We looked for the market. All we saw was one tent, but there were women in long skirts heading from a building there. A sign said "Coffee and cakes", and since there was not much coffee in general during medieval times, we walked around looking for the market. We checked the church - chock full of families getting out of the rain, and some wall paintings including a nice little devil in the back - no market. We found the medieval toilets (outhouses) and then continued on.

There was just the tent. So we went in.

There were 5 stands.

  1. She was selling woven rugs and saffron cakes in baggies. Nothing medieval here.
  2. An old couple was selling wooden trinkets. Lots of modern stuff like a brick-a-brack rack. Or did they use egg cups in Medieval times? At least he looked good in his costume.
  3. A potter selling some okay-looking modern pots.
  4. A lady selling stones she had glued fossils and shells onto with some tiny cloth flowers for decoration. I suppose she used medieval glue. She explained to us what each of the fossils was. Maybe.
  5. A guy selling ice cream - from an electrically powered ice chest.

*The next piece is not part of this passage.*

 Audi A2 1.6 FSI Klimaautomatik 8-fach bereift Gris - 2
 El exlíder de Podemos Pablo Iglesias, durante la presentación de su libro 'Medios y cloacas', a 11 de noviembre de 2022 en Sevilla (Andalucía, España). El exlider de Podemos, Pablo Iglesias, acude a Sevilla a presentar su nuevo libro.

We dashed through the rain into the building for coffee. Two more women wearing medieval costumes, selling juice and coffee and nice cakes. Did they have almonds on Gotland in medieval times? The walls were lined with the same woven rugs and wooden stuff, and some wollen socks and shawls and pulse warmers, all for sale.

I think the town name is misspelled. It should be Lie. Medieval Lie.

We sent an SMS to the other car, which was planning on taking in 20 churches and then meeting us at the market, that we were heading for the ceramics factory. We got tickets, stood in line there for 40 minutes, and both Teenies and I made ourselves nice little pots on the pottery wheel and got ourselves dirty with clay top to toe.

The cultural car caught up with us and dragged us through two more rainy natural highlights before everyone gave up in disgust and went home for cakes and coffee. Non-medieval.